Section 3 of the IRS Data Book presents data on information reporting and verification, which, in addition to examinations, are critical tools for identifying and resolving taxpayer errors. In addition to receiving information on self-reported income and tax on returns filed by taxpayers, the IRS gathers independent information about income received and taxes withheld from information returns, such as Forms W–2 and 1099 filed by employers and other third parties. With its Automated Underreporter Program, the IRS matches these information returns to tax returns and contacts taxpayers to resolve discrepancies. In the Automated Substitute for Return Program, the IRS uses information returns from third parties to identify nonfilers; construct tax returns for certain nonfilers based on that third-party information; and assess tax, interest, and penalties based on the substitute returns. To further verify the accuracy of reported information, the IRS also checks for mathematical and clerical errors before refunds are paid. 

Graphic contains two graphs that show data regarding the IRS Information Reporting Programs, the Automated Substitute for Return Program and the Automated Underreporter Program for fiscal year 2015. First graph shows that there were a total of approximately 3.7 million taxpayers contacted through the Automated Underreported Program and 614 thousand through the Automated Substitute for Return Program.
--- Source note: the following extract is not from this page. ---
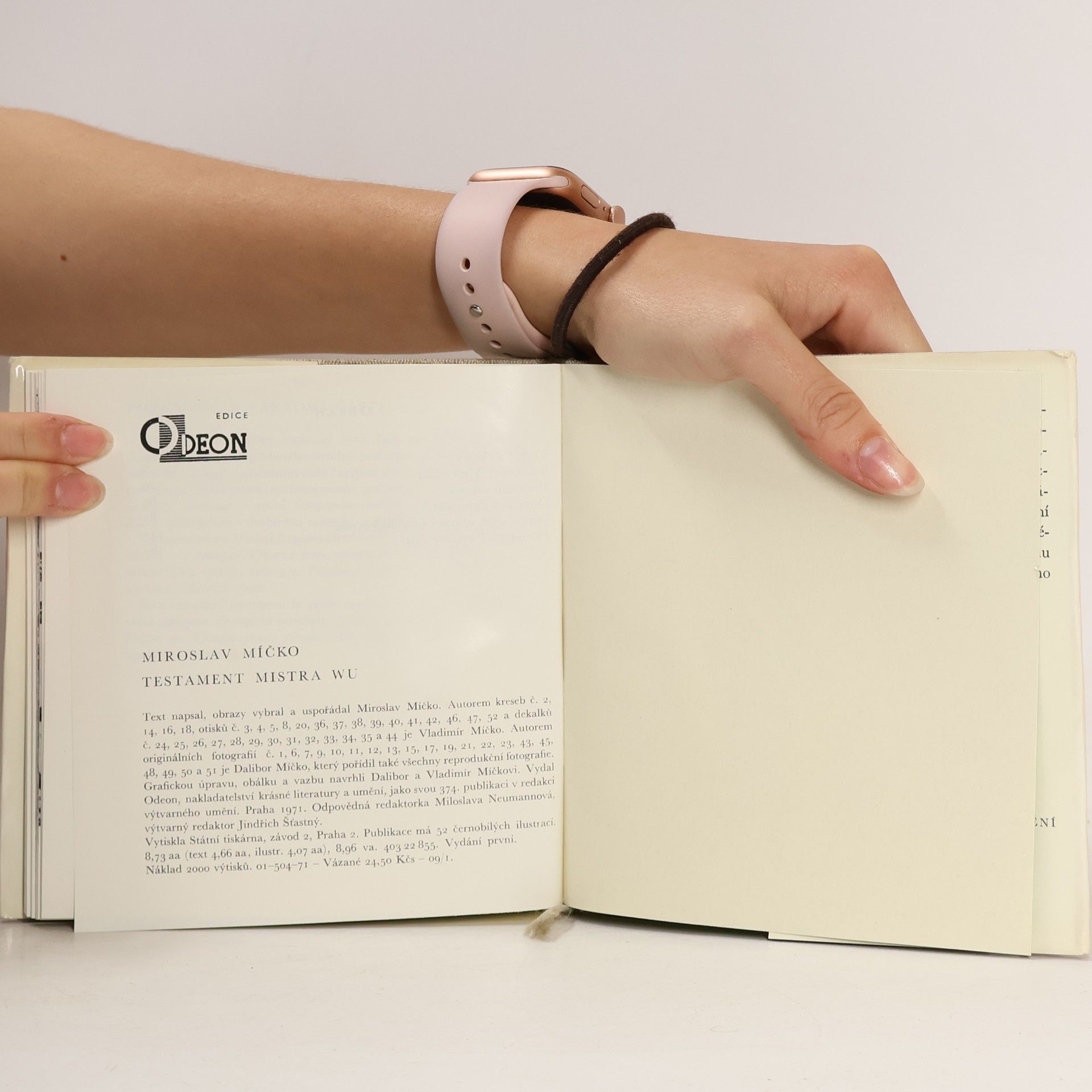 Miroslav Míčko Testament Mistra Wu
The second graph shows that there were a total of approximately $6.3 billion additional assessments from the Automated Underreporter Program and approximately $2.7 billion from the Automated Substitute for Return Program.

View details (XLS). For additional graphs from this section, download the PDF of this year’s Data Book.

Highlights of the Data

  • In Fiscal Year 2015, the IRS received over 2.6 billion third-party information returns, almost 87.2 percent of which were filed electronically (Table 14).
  • The IRS closed more than 3.7 million cases under the Automated Underreporter Program resulting in more than $6.3 billion in additional assessments (Table 14).
  • The IRS closed 614,000 cases under its Automated Substitute for Return Program resulting in over $2.7 billion in additional assessments (Table 14).
  • For Tax Year (TY) 2014 individual income tax returns processed during Calendar Year 2015, IRS sent almost 1.7 million notices to taxpayers for almost 2.2 million math errors identified on their returns (Table 15).
  • For TY 2014, math errors associated with calculation of income or other taxes made up almost 34.0 percent of total math errors. For TY 2013 and prior years, misreporting the number and amount of exemptions was the most common error, making up 24.8 percent of the total (Table 15).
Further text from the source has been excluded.